Other Hypersensitivity Reactions: Hypersensitivity reactions other than anaphylaxis have been reported in 204 of 285 (72%) patients treated with PALYNZIQ in clinical trials; Management of hypersensitivity reactions should be based on the severity of the reaction, recurrence of the reaction, and the clinical judgment of the healthcare provider, and may include dosage adjustment, temporary drug interruption, or treatment with antihistamines, antipyretics, and/or corticosteroids Injection Site Infections: Serious injection site infections including abscess, cellulitis, necrosis, and ulcer have been reported. Advise patients not to administer PALYNZIQ into the affected area until the infection has resolved. ADVERSE REACTIONS: The most common adverse reactions (at least 20% of patients in either treatment phase) were injection site reactions, arthralgia, hypersensitivity reactions, headache, generalized skin reactions lasting at least 14 days (2% of patients); The most common adverse reactions leading to dosage reduction were arthralgia (15% of patients), injection site reactions (4% of patients), alopecia (3% of patients), and generalized skin reactions lasting at least14 days (2% of patients).

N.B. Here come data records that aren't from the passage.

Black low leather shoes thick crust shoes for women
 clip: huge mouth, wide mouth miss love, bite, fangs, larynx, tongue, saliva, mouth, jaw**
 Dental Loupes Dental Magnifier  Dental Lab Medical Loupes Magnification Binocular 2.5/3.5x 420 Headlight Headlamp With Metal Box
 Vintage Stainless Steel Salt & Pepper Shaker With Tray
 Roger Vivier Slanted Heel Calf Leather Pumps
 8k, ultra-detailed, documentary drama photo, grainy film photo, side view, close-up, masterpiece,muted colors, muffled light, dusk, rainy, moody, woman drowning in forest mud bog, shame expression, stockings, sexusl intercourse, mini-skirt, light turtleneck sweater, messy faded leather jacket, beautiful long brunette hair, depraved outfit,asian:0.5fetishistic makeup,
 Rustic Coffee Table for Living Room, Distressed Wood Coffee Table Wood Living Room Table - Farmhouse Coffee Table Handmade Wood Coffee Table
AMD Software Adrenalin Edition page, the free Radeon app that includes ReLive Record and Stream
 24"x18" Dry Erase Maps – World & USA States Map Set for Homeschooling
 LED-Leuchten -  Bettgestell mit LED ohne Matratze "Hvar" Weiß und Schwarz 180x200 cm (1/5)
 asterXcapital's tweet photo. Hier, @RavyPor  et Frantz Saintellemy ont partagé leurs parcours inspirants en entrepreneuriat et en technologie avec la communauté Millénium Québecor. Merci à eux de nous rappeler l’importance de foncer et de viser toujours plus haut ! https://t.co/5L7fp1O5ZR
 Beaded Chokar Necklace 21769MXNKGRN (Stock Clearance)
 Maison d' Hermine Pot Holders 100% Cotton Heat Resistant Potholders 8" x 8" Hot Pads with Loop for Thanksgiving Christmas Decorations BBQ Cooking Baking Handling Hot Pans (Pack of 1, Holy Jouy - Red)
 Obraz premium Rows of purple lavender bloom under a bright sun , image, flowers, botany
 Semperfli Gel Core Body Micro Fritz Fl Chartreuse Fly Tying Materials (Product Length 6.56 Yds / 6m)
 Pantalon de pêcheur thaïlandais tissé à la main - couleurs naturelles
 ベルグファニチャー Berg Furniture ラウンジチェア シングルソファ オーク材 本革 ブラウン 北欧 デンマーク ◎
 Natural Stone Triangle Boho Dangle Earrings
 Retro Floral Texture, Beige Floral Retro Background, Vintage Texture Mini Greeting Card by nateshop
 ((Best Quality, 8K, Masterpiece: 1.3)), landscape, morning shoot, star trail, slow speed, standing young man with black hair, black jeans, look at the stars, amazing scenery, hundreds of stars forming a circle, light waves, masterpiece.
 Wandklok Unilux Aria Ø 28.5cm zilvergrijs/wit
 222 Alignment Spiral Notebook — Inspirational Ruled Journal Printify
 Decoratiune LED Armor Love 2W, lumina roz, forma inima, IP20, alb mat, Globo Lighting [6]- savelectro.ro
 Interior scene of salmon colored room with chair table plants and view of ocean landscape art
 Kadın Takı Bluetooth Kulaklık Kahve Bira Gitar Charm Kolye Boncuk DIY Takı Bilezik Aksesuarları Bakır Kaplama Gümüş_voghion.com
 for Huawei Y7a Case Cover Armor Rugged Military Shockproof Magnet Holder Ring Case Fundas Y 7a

The most common adverse reactions leading To temporary drug interruption were hypersensitivity reactions (14% of patients), arthralgia (13% of patients), anaphylaxis (4% of patients), anaphyretics, and injection site reactions (4%of patients); Angioedema and serum sickness: In clinical trials, 22 out of 285 (8%) patients experienced 45 episodes ofangioedema (sym symptoms included: pharyngeal edema, swollen tongue, lip swelling, mouth swelling, eyelid edema, and face edema) occurring independent of anaphylaxis. In clinical trials, serum reactions, serum reactions, serum reactions (4% of patients; and serum sickness: In clinical trial, serum reactions, serum reactions were observed in the U.S. and serum sickness: In clinical studies, 22 out of 285 (8%) patients experienced 45 episodes of angioedema (sym symptoms include: pharyngeal edem, swollen tongue, lip swelling), lip swelling, mouth swelling, eyeid edema, and face Edema) occurring independent of anphylaxis. In clinical trials.

In clinical trials, serum samples, serum reactions, and serum sickness, serum samples were observed in patients with anaphylaxis.